Одинцов оглянулся; ему показалось, что старое зеркало на стене вздрогнуло, и он внимательно, с непроницаемым, отяжелевшим лицом подробно осмотрел раму старинного черного дерева и вновь остался собой недоволен; вновь, в который уже раз за последнюю неделю, он переступил дозволенную черту. Необходимо было собраться и приготовиться – что-то надвигалось. Опять какая-то грань сместилась, и он с явственной жутью вспомнил, как однажды в детстве, лет пяти-шести, проснувшись в своей кроватке, увидел пришедших в его комнату волков-людоедов. Его няня, хлопотливая чистая старушка Дарья Матвеевна, выписанная после его рождения откуда-то из подмосковной деревни, накануне рассказывала о стаях злых волков, бродящих на Святки, и о случае в их деревне, когда лесные звери разорвали подвыпившего мужика Пахома. От него остались одни только валенки, даже шапку с полушубком съели…

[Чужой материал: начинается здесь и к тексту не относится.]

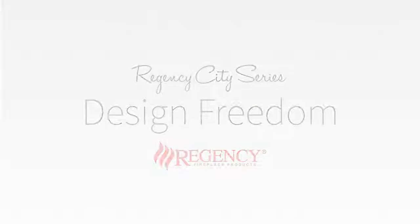To learn more about Regency CoolTouch and find a local authorized dealer, visit regency-fire.com.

И вот теперь волки пришли к маленькому Вадику, съежившемуся в своей кроватке в белоснежной длинной ночной рубашке с кружевами, а волки, похожие на больших серых собак с острыми ушами, сидели во всех углах комнаты и неотступно глядели на него круглыми горящими глазами. Один из них взобрался даже на стол, а второй устроился на подоконнике, свесив хвост до самого пола, и мальчик видел напряженно шевелящийся его кончик. Больше он ничего не помнил; волк на подоконнике напружинился и прыгнул; медленно, через всю комнату он летел в угол с кроваткой, ровно вытянув толстый и длинный хвост. Вадик от страха обмочился и дико закричал; он словно тотчас вынырнул из холодной пустоты и увидел испуганную няню, без лишних слов подхватившую его на руки и унесшую к себе в постель, в соседнюю комнату. Он скоро успокоился, заснул, пригревшись под теплым боком няни, но волков так и не забыл, и они время от времени появлялись в его жизни в самые напряженные, почти невыносимые моменты; ему начинало чудиться, что кто-то смотрит ему в затылок, в спину, он оглядывался и замечал расплывающуюся звериную тень с острыми ушами. В свое время он по случаю, хотя это и было противозаконно и опасно, даже приобрел дамский (полностью скрывался в ладони) пистолет; в самые нехорошие моменты он доставал его, вертел так и эдак и успокаивался. Надо заметить, что волки появлялись все реже и реже; последние лет десять подобного совсем не случалось – прошлое отодвигалось, стиралось в памяти и затухало.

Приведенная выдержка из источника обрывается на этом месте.